Malgré l’absence de changements significatifs en 2024, le régime de la taxe sur le carbone au Canada demeure un enjeu crucial pour les entreprises du secteur de l’énergie. L’avenir de la taxe sur le carbone constituera probablement un enjeu déterminant des élections fédérales de 2025.
Pour en savoir plus, consultez les articles suivants [en anglais seulement] : Carbon measures in Canada | BLG
e. Fonds de croissance du Canada
Le Fonds de croissance du Canada (FCC) est un fonds de 15 milliards de dollars présenté pour la première fois dans le budget fédéral de 2022. Le FCC encourage les investissements dans les infrastructures en s’efforçant d’attirer les capitaux privés nécessaires pour développer les projets d’énergie propre et déployer les technologies à faibles émissions de carbone et de captage du carbone. À cette fin, le FCC utilise des outils financiers qui réduisent les risques des investissements dans les projets stratégiques, les technologies et les chaînes d’approvisionnement. L’un des principaux outils est le contrat de couverture des fluctuations, qui fixe les prix futurs du carbone et procure aux entreprises une meilleure prévisibilité pour leurs projets de réduction des émissions.

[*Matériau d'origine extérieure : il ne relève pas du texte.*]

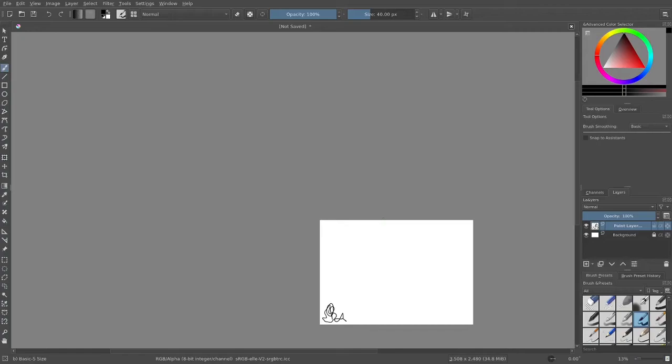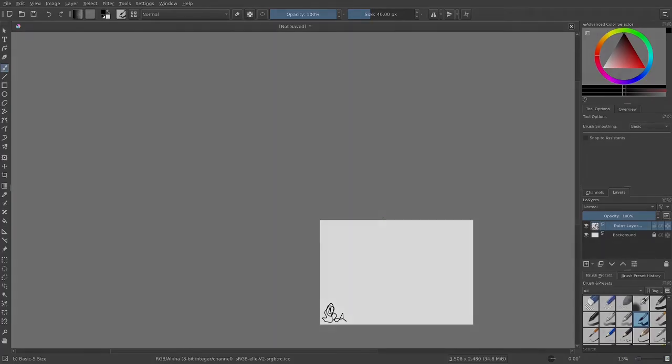So I thought the current way Krita does it is kind of dumb. So I changed it to this. Anyways, thanks for checking out this quick thing I was working on. And if you're interested in it, I'll leave a link to a patch that implements this behavior in the description below. See ya.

Depuis son lancement en 2023, le FCC a réalisé 11 transactions dans 5 provinces, dont les investissements récemment annoncés dans les projets de stockage d’énergie à air comprimé avancés d’Hydrostor et le Fonds de transition énergétique II de Longbow Capital. En 2025, on s’attend à ce que les investissements stratégiques du FCC profitent à des acteurs du secteur du captage du carbone.